# 32 ou 64 bits sur MacBook Pro?



## pomme85 (18 Février 2009)

Bonjour !

Quelle version est-il préférable d'installer sur un macbook pro penryn, 32bits ou 64bits ?


----------



## Dramis (18 Février 2009)

Aucune des deux.


----------



## divoli (18 Février 2009)

Concernant XP, la version 32 bits assurément (la version 64 bits  n'est compatible avec pas grand chose).

Concernant Vista, je ne sais pas. Je pense qu'il y a moins de risque avec la version 32 bits, mais je ne me mouille pas trop en disant cela.

Au niveau des applications, on est encore loin du "tout compatible 64 bits", à ma connaissance. Mais avec la généralisation des processeurs 64 bits depuis un peu plus de deux ans, on va y venir...


----------



## pomme85 (18 Février 2009)

J'avais mis mon message dans le topic de Windows 7, ça aurait été sympa de me prévenir de son déplacement... je pense qu'il avait bien sa place là où je l'avais mis m'enfin...


----------



## pomme85 (18 Février 2009)

Dramis a dit:


> Aucune des deux.



Merci de ton aide.


----------



## WebOliver (18 Février 2009)

pomme85 a dit:


> J'avais mis mon message dans le topic de Windows 7, ça aurait été sympa de me prévenir de son déplacement... je pense qu'il avait bien sa place là où je l'avais mis m'enfin...



Ta demande n'a rien à voir avec la discussion _générale_ sur Windows 7. A question technique, forum technique. Simple et limpide.

Pour le reste, tu n'es pas si novice que cela sur ces forums et tu sais, du moins je l'espère, te servir de ton Tableau de bord pour retrouver tes messages postés, où qu'ils soient sur le forum.


----------



## pomme85 (18 Février 2009)

WebOliver a dit:


> Ta demande n'a rien à voir avec la discussion _générale_ sur Windows 7.



Mouais. Un peu quand même 

Merci divoli pour ta réponse. En fait, mis à part la compatibilité des logiciels, je voulais savoir si on verrait une grosse différence entre les 2 versions, niveau performance !


----------



## Dramis (18 Février 2009)

pomme85 a dit:


> Merci de ton aide.


 
Si tu le peux, prends xp 32 bits, tu auras moins de problème.


----------



## divoli (18 Février 2009)

pomme85 a dit:


> Merci divoli pour ta réponse. En fait, mis à part la compatibilité des logiciels, je voulais savoir si on verrait une grosse différence entre les 2 versions, niveau performance !



Je n'ai jamais essayé. Mais très probablement oui, la version 64 bits de Seven devrait être plus performante, plus rapide, plus réactive, plus fluide que la version 32 bits, surtout sur un MBP relativement récent comme le tien.

Je parle bien sûr d'une installation en natif, via Boot Camp.
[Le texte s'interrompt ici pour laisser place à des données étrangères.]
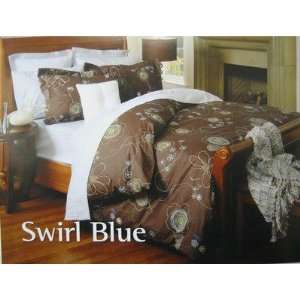 Daniadown Swirl Blue Duvet Cover Collection Swirl Blue Duvet Cover 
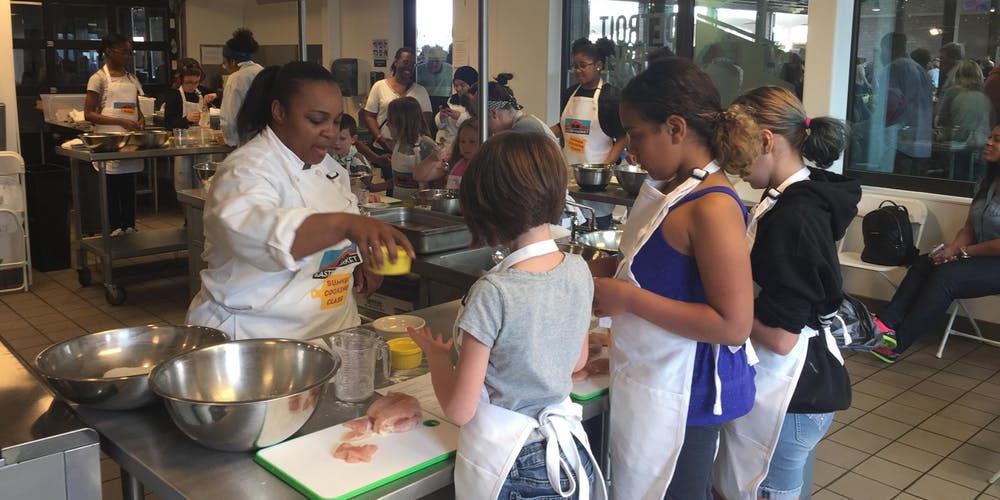 Get your kids cooking with the Edible Wow instructions at Eastern Market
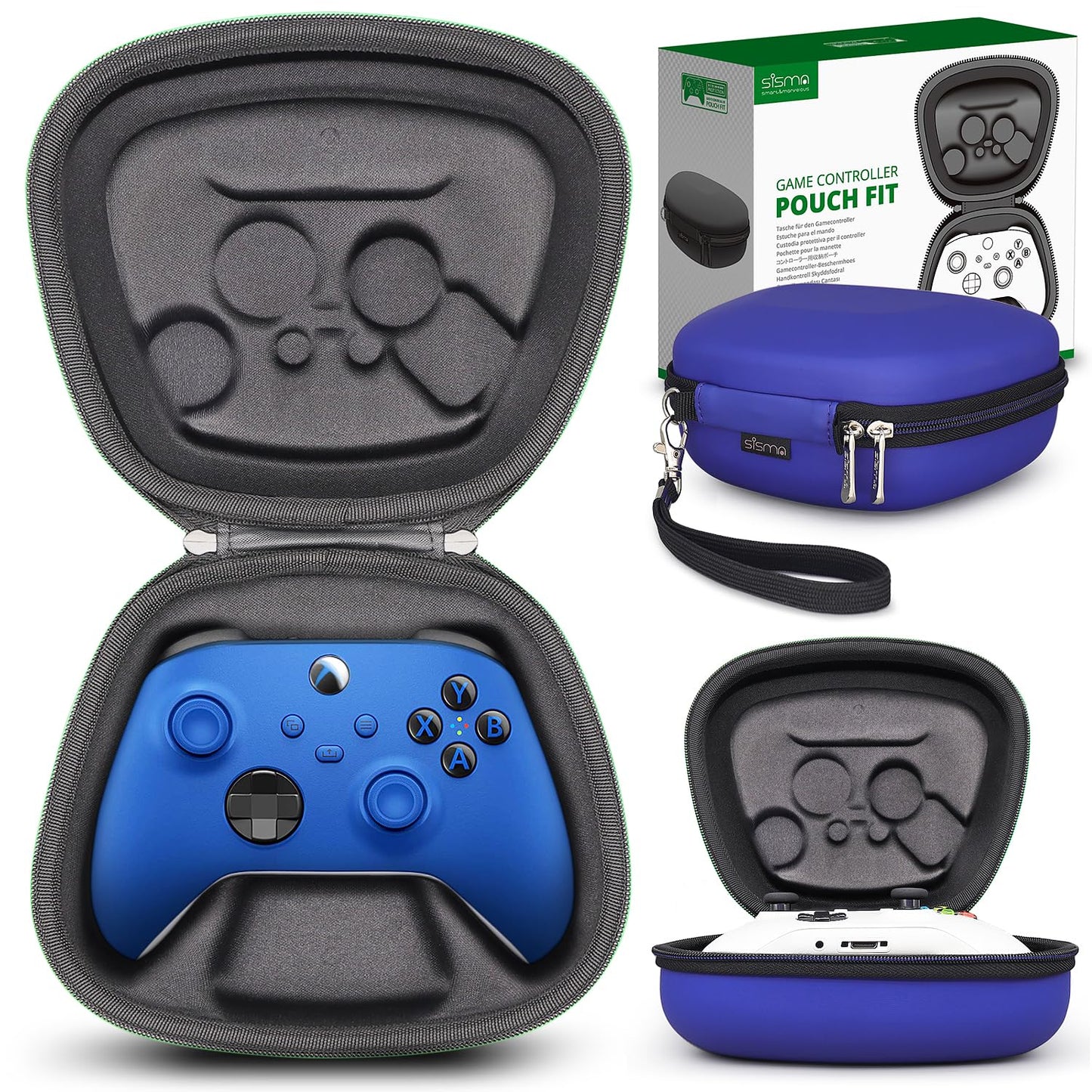 sisma Carry Case Compatible with Xbox Series X/S & Core Wireless Controller  Xbox Controller Holder Travel Protective Case Home Safekeeping Storage Bag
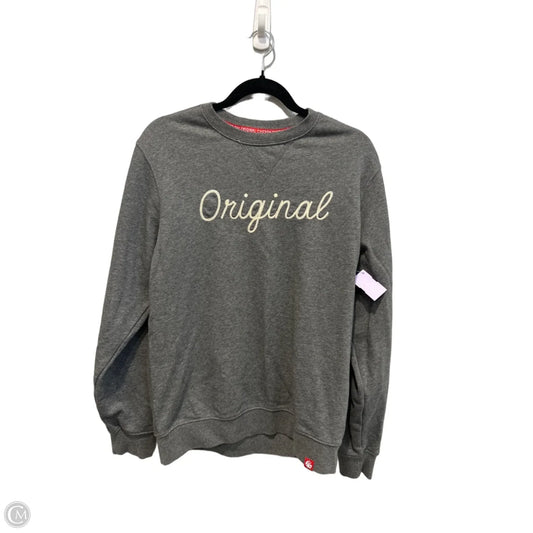 Sweatshirt Crewneck By Clothes Mentor In Grey, Size: M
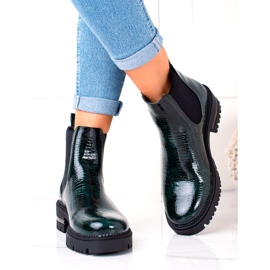 Lacquered Boots Łuska Sergio Leone TR746 Green 2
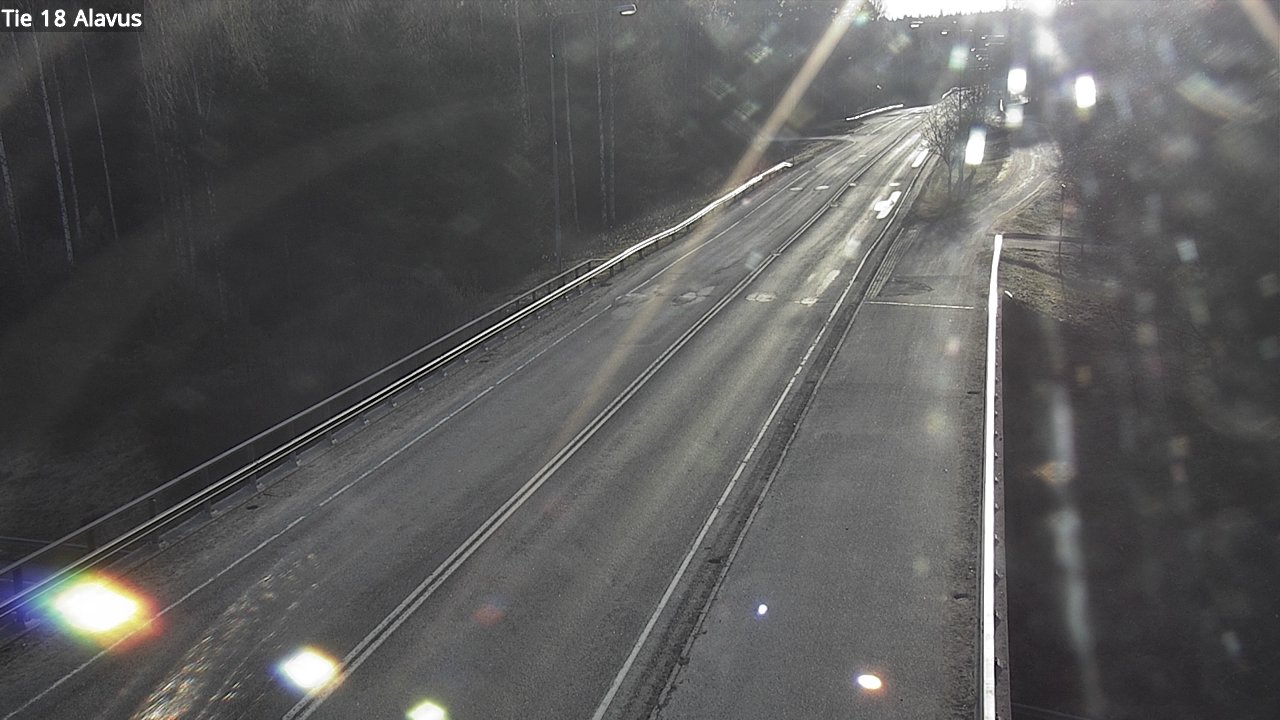 Weather Camera Image Väg 18 Alavo, Alavus, Etelä-Pohjanmaa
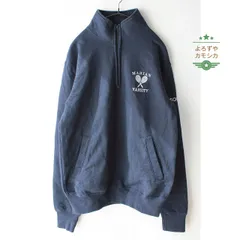 アメリカ古着　Champion　チャンピオン　ハーフジップ　トレーナー　スウェット　裏起毛　ジャージ　刺繍ロゴ　テニス　ダークネイビー　紺　メンズ　Sサイズ　アメカジ　USA　秋冬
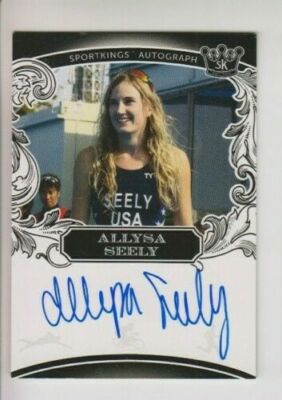 2018 Sportkings ALLYSA SEELY Triathlete autographed SIGNED AUTO card
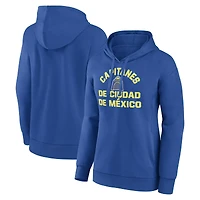 Women's Blue Mexico City Capitanes Team Overtime Pullover Hoodie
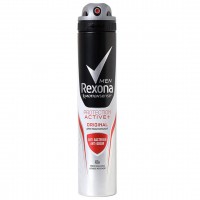 اسپری ضد تعریق مردانه رکسونا پروتکشن اکتیو Rexona Protection Active Original حجم ۲۰۰ میلی لیتر
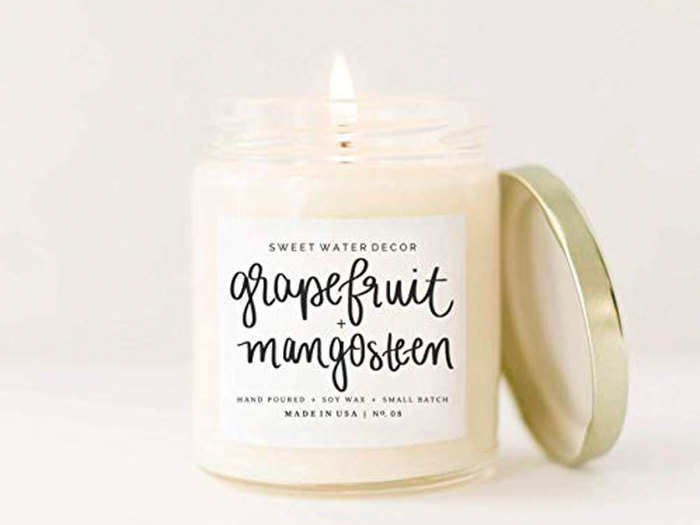 A refreshing, hand-poured candle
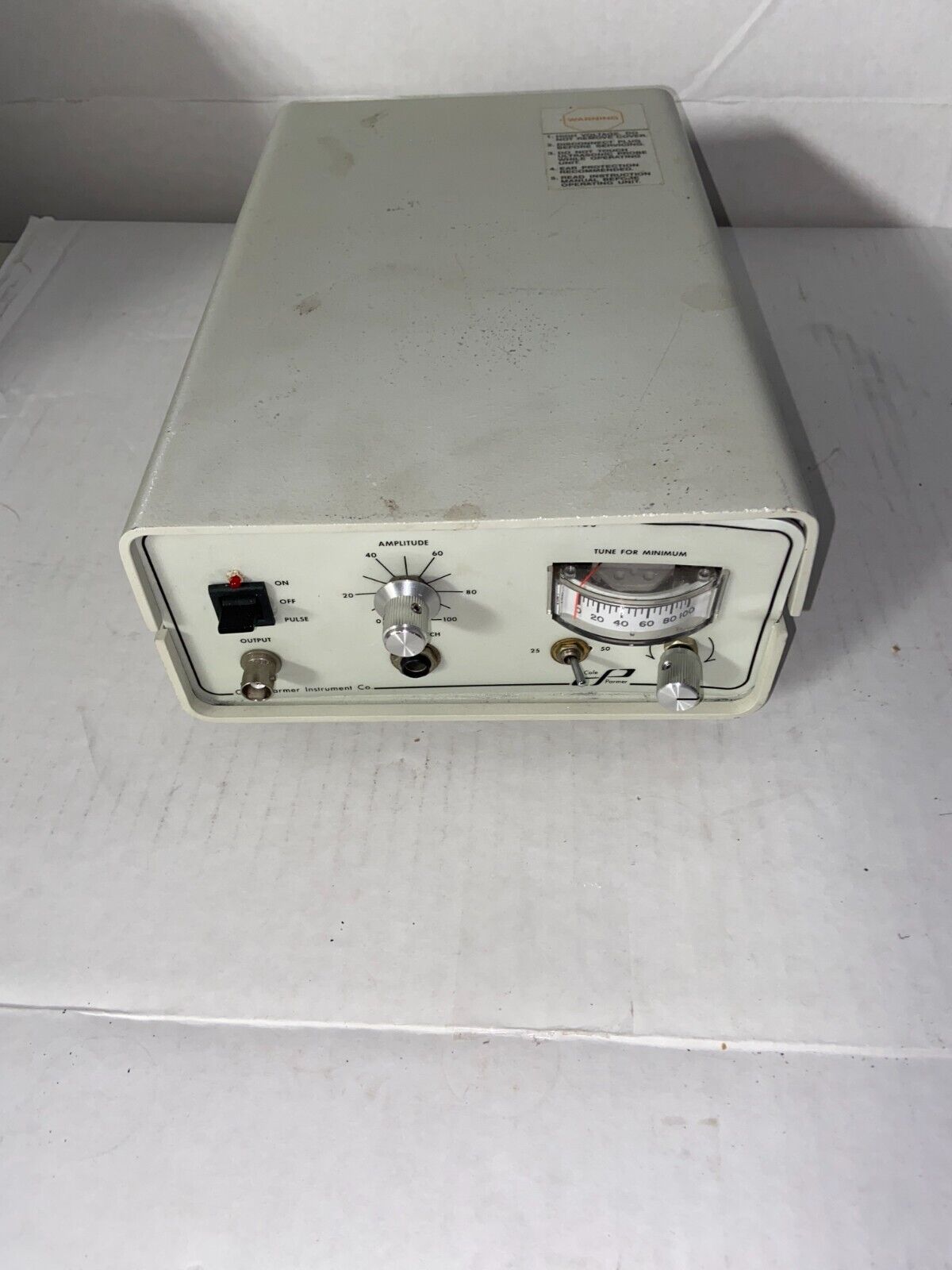 COLE PARMER 4710 SERIES ULTRASONICS HOMOGENIZER CP 50 CP50 (No Power)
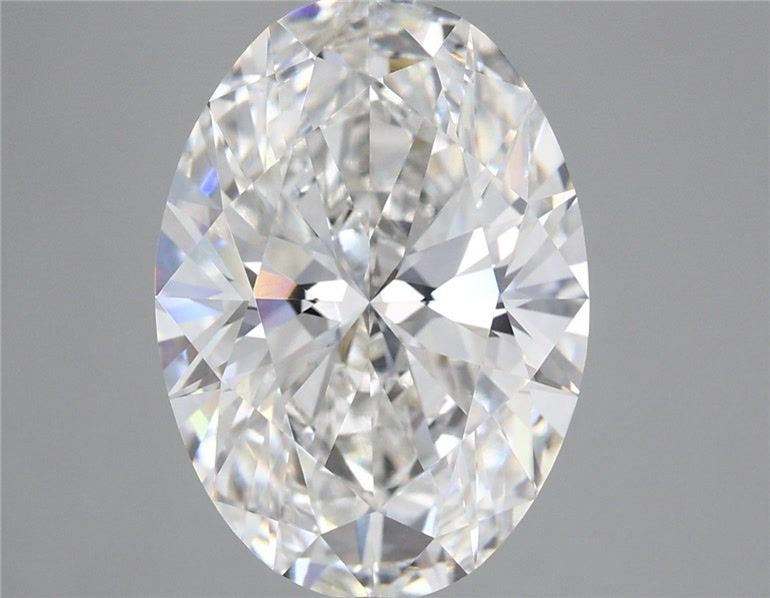 5.57 Carat F-VVS2 Oval Lab Diamond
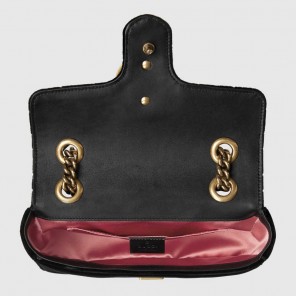 Gucci GG Marmont velvet mini bag 446744 K4D2T 1000
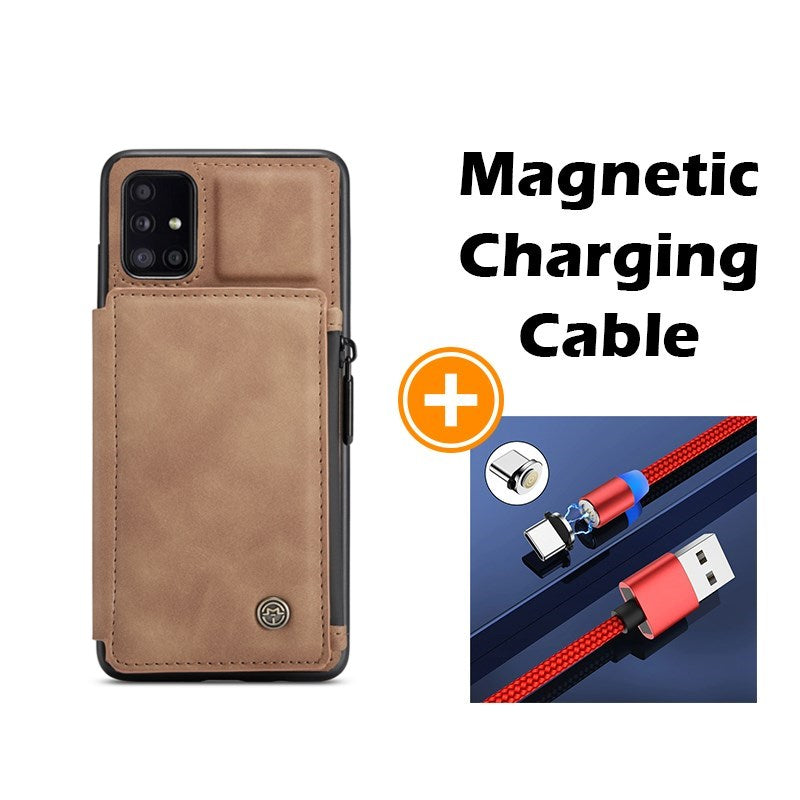 Neue luxuriöse multifunktionale Brieftaschen-Handyhülle für Samsung A51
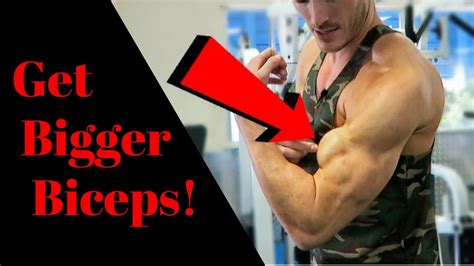 How To Get Bigger Biceps Hit Both Heads Youtube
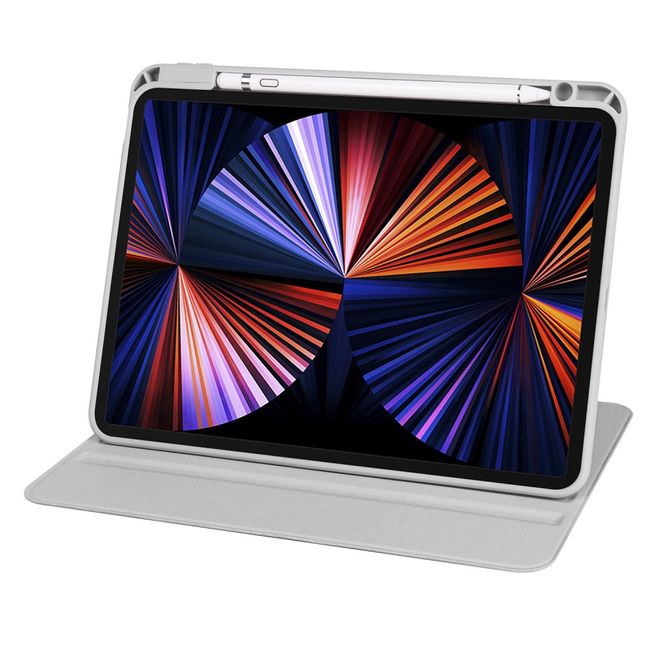 iPad Pro 11 (2024) Case - 360° Rotating Leather Case - Grey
Par contre, en virtuel, je suppose que la différence ne doit pas vraiment se faire sentir.

Tu peux toujours essayer (je crois que les drivers de boot camp sont les mêmes que ceux de Vista 64 bits). Pense à faire préalablement une sauvegarde démarrable de ta partition OS X, au cas où tout foire par la suite.

Mais attention, Windows Seven est en béta (donc pour tester, pas pour utiliser au jour le jour). Et je crois (c'est à vérifier) que la version est valable durant une période déterminée.

Je ne sais même pas si cette version béta est encore disponible sur le site de MS (j'ai la flemme de chercher).


----------



## trodat (18 Février 2009)

J'ai installé windows 7 32 bits sur mon macbook blanc (début 2008).
Les pilotes ne s'installent qu'un par un et certains refusent de s'installer car système exploitation non supporté mais pas grave car presque tout est repéré par 7.

Pour la virtualisation, j'avais installé Ubuntu 8.10 64 bits avec virtualbox et il tournait moins bien que la version 32.


----------



## pomme85 (18 Février 2009)

En fait j'ai déjà installé la version 32 bits de Windows 7 sur mon macbook pro, mais je demandais juste si il y aurait une grosse différence en utilisant la version 64bits...

trodat pour ton problème de pilotes va voir ici : http://forums.macrumors.com/showthread.php?t=624375&page=9#216

télécharge les fichiers et remplace les, là l'installation des pilotes bootcamp fonctionnera !


----------



## trodat (18 Février 2009)

Merci bcp !!!!!


----------



## grand morice (19 Février 2009)

pomme85 a dit:


> En fait j'ai déjà installé la version 32 bits de Windows 7 sur mon macbook pro, mais je demandais juste si il y aurait une grosse différence en utilisant la version 64bits...
> 
> trodat pour ton problème de pilotes va voir ici : http://forums.macrumors.com/showthread.php?t=624375&page=9#216
> 
> télécharge les fichiers et remplace les, là l'installation des pilotes bootcamp fonctionnera !



Win 7
 Vas y ta raison  Ouaich . A la lumiere des images . Win 7 devrait etre interdit a tous les moins 18 ans .Ca ressemble a un film de fion des annees 70 recolorise, c'est pas vulgaire c'est tres vulgaire . Si la forme correspond au contenu et j'en est bien peur ca va etre chaud .C'est un repeint de 95 ou de Vsssstaaa???.Enfin peu importe , Micromachin vu la crise actuelle , et la caille qu'il vont mettre sur la place ,va falloir les engraisser les lascars en dessous de table si y veut en vendre plus de 3 des ses gallettes le Billou .
Ca promet des jours tranquilles et pas qu'a clichy:love:


----------